The Bird Box Effect


Danny Fisher


Bird Box, starring Sandra Bullock and handful of other A list celebrities, debuted on Netflix just before Christmas. Within hours, the thriller took social media on a whirlwind, creating memes and tweets surrounding this motion picture. In the recent months, it seems more and more films are being created on streaming services, taking the popcorn and movie experience to a household rather than a theater. With Bird Box becoming such a big hit, it seems inevitable that more streaming services will be producing quality, big budget films. The Wall Street Journal mentions that the film “deepens [Netflix’s] movie push ahead of increased competition from Disney, AT&T.”

When watching Bird Box for the first time, it felt remarkably similar to A Quiet Place, starring husband and wife John Krasinski and Emily Blunt. Something about the idea of taking a vital sense away makes a film more suspenseful. Not a lover of horror in any form, I thought I would’ve had a difficult time sitting through this two hour episode of terror; however ,it wasn’t anything like that.
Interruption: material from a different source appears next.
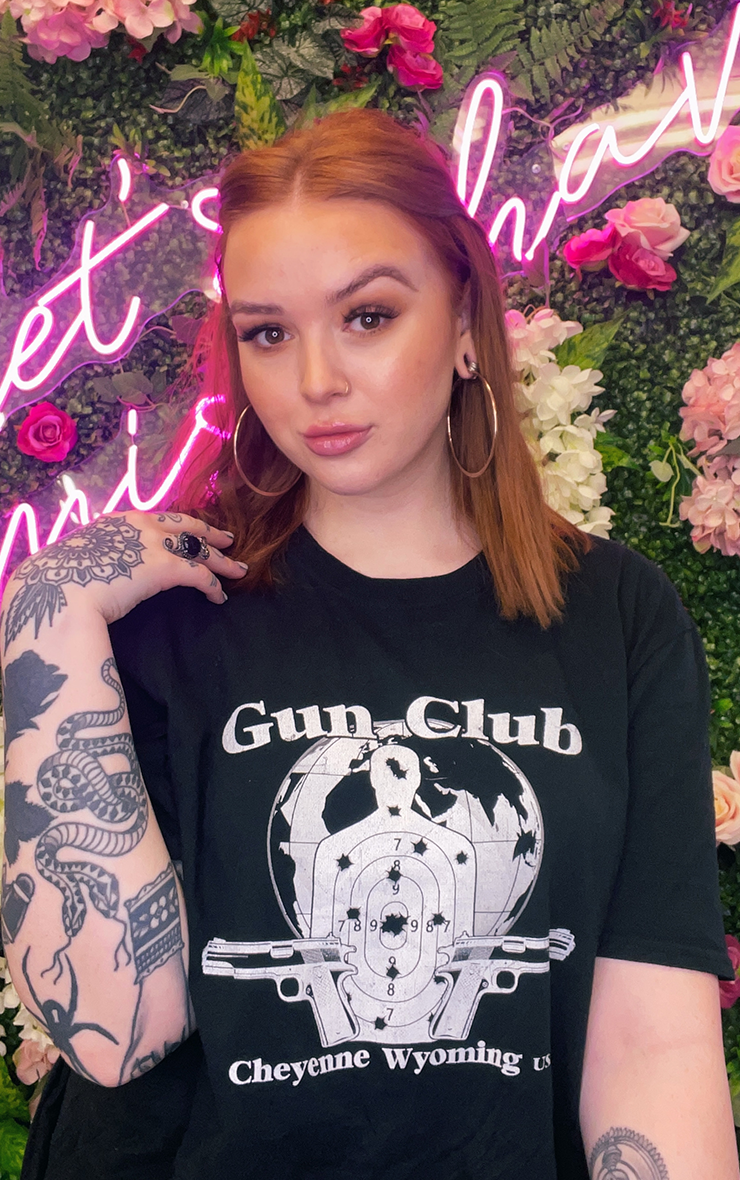 Wyoming Gun Club Black T-Shirt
Sure, palms were sweating and hearts were thumping, but I enjoyed the unknown the movie had to offer.

Yet, the fascinating thing was not just the movie, but the outpouring of attention the movie has received. Recently, the ‘Bird Box Challenge’ has sparked some controversy. 2018, a year that saw challenges from In My Feelings to Tide Pods, this has to be one of the most absurd. It features going through your daily life blindfolded, as shown in the movie. Not only is this unrealistic in the world we live in, but it is also crazy dangerous. So, if you see car windows painted black while you’re driving, get out of the way.

This film, when breaking it down, is a pretty simple concept. However, it shows the impact media has our lives. If you go away with one thing today, don’t partake in the ‘Bird Box Challenge.’